TASK BRIEF: Take the line containing "Spring and summer" and each line after it through the end of the data below, and return them exactly, minus any pictures.

*** DATASET SECTION Section Begins ***

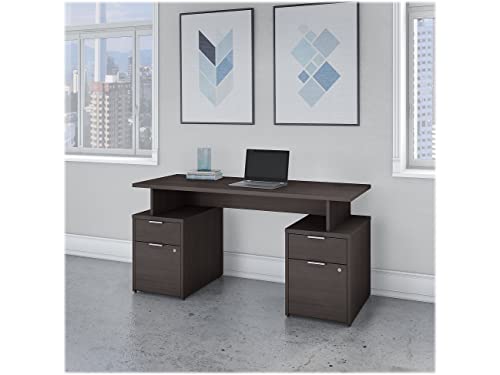Bush Business Furniture Jamestown 60W Desk with 4 Drawers, Storm Gray/White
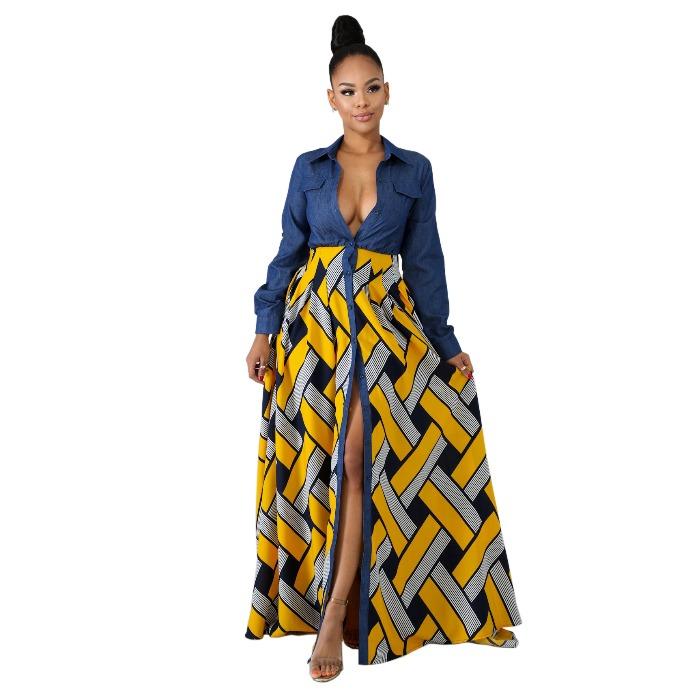 Spring and summer new European and American long dress women's denim with woven printed pendulum splicing dress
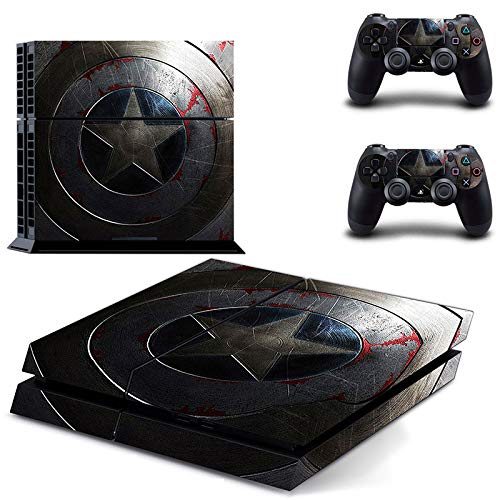 Adventure Games - PS4 ORIGINAL - Captain America - Playstation 4 Vinyl Console Skin Decal Sticker + 2 Controller Skins Set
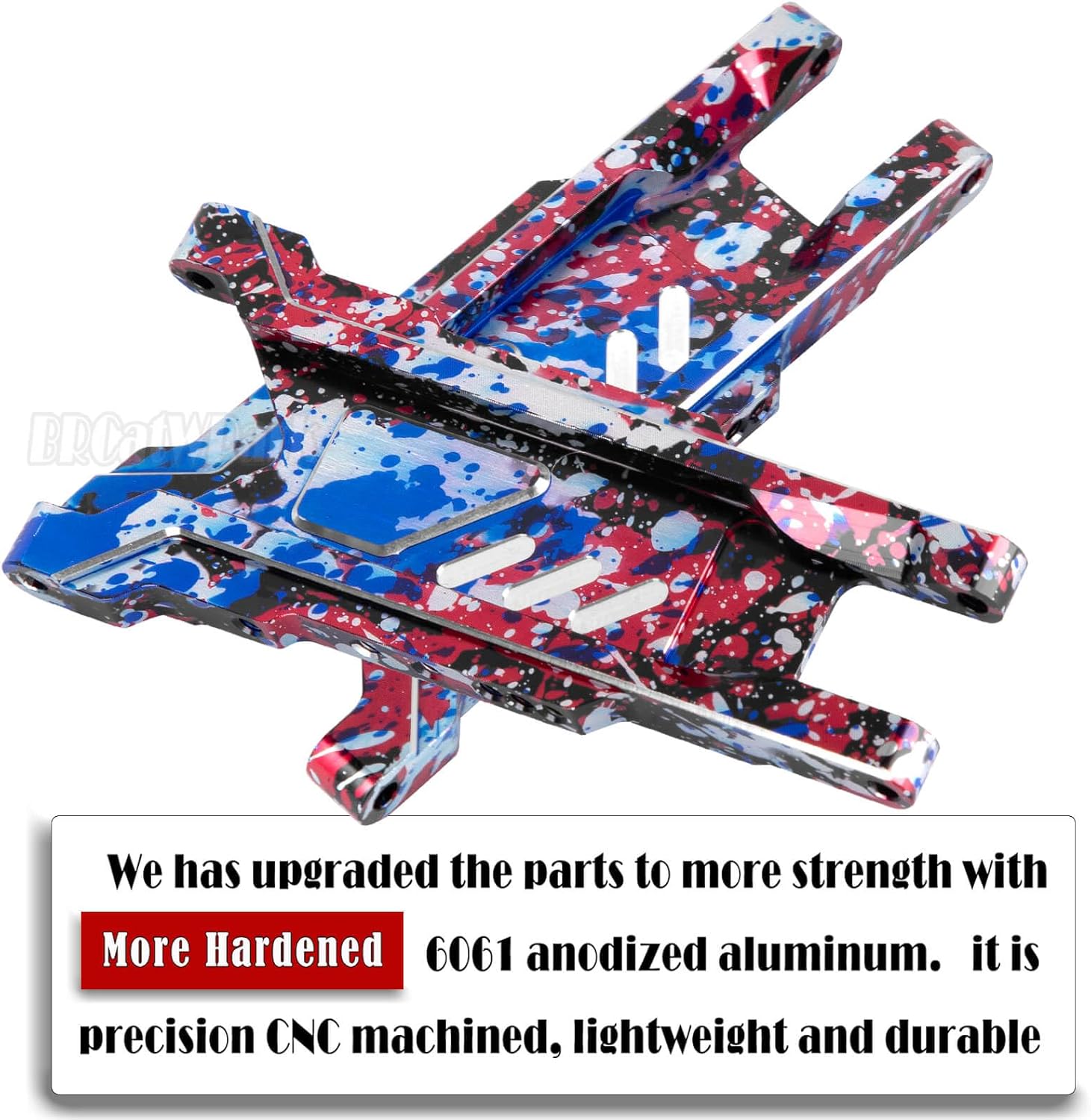 RC Aluminum Suspension A-Arms Upgrades Part for 1/10 Slash Rustler Stampede 4X4 VXL BL-2s,Hoss 4WD VXL,XO-1,Alloy Front Rear RC Suspension Arms Hops up,Colorful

*** DATASET SECTION Section Ends ***

YOUR SOLUTION:
 Spring and summer new European and American long dress women's denim with woven printed pendulum splicing dress
 Adventure Games - PS4 ORIGINAL - Captain America - Playstation 4 Vinyl Console Skin Decal Sticker + 2 Controller Skins Set
 RC Aluminum Suspension A-Arms Upgrades Part for 1/10 Slash Rustler Stampede 4X4 VXL BL-2s,Hoss 4WD VXL,XO-1,Alloy Front Rear RC Suspension Arms Hops up,Colorful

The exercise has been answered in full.